The incidence of Harm Standard neglect showed no statistically reliable changes since the NIS–3, neither overall nor in any of the specific neglect categories (physical, emotional, and educational neglect).
Classifying these abused and neglected children according to the level of injury or harm they suffered from Harm Standard maltreatment revealed only one change: a significant decrease in the incidence of children for whom injury could be inferred due to the severe nature of their maltreatment. This group declined from 165,300 children in the NIS–3 to 71,500 in the NIS–4 (a 57% decrease in number; a 60% decline in the rate in the population).

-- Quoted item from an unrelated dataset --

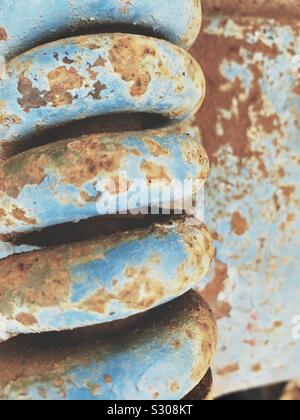 Rusted metal coil with peeling paint Stock Photo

Incidence of Endangerment Standard maltreatment. Defining maltreatment according to the more inclusive Endangerment Standard provides a very different picture of the incidence and distribution of child abuse and neglect. Nearly 3 million children (an estimated 2,905,800) experienced Endangerment Standard maltreatment during the NIS–4 2005–2006 study year. This corresponds to one child in every 25 in the United States. While 29% (an estimated 835,000 children) were abused, more than three-fourths (77%, an estimated 2,251,600 children) were neglected. Most abused children (57%, or 476,600 children) were physically abused, more than one-third
(36%, or 302,600 children) were emotionally abused, and less than one-fourth (22%, or 180,500 children) were sexually abused. Under the Endangerment Standard definitions, more than one-half of the neglected children were physically neglected (53%, or 1,192,200 children) and a similar percentage were emotionally neglected (52%, or 1,173,800), whereas 16% (an estimated 360,500) were educationally neglected.

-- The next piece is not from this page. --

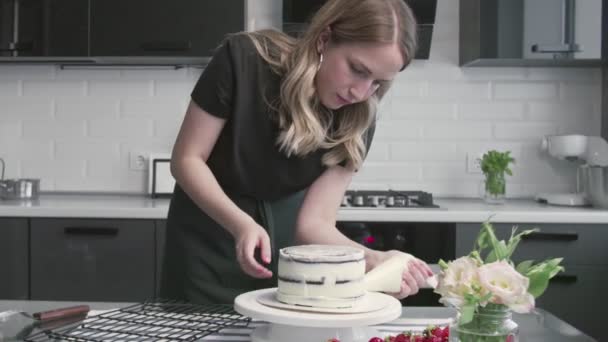 Επαγγελματίας σεφ μαγειρεύει κέικ. Νεαρή ελκυστική νοικοκυρά χρησιμοποιεί μεταλλική σπάτουλα και περιστρεφόμενο τραπέζι για να ευθυγραμμίσει λευκή κρέμα σε κέικ σοκολάτας — Αρχείο Βίντεο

Between 1993 and 2005–2006, the overall incidence of children who experienced Endangerment Standard maltreatment showed no statistically reliable change. However, within Endangerment Standard maltreatment, counterbalancing changes occurred in the incidence of abuse and neglect. Significant decreases in the incidence of abuse and all specific categories of abuse contrast with a significant increase in the incidence of emotional neglect:
- The estimated number of children who experienced Endangerment Standard abuse decreased from 1,221,800 to 835,000 (a 32% decrease in number, a 38% decline in the rate);
- The estimated number of physically abused children decreased from an estimated 614,100 children to 476,600 (a 22% decrease in number, a 29% decline in the rate);
- The incidence of children with Endangerment Standard sexual abuse decreased from 300,200 in 1993 to 180,500 in 2005–2006 (reflecting a 40% decrease in number and a 47% decline in the rate);
- The incidence of emotionally abused children decreased from 532,200to 302,600 (a 43% decrease in number, a 48% decline in the rate); and
- The estimated number of emotionally neglected children more than doubled in the interval between the studies, rising from 584,100 in 1993 to 1,173,800 in 2005–2006 (a 101% increase in number, an 83%increase in the rate).
Classifying these children according to the severity of harm they suffered as a result of their Endangerment Standard maltreatment revealed no significant changes in the incidence of children with any specific level of injury or harm.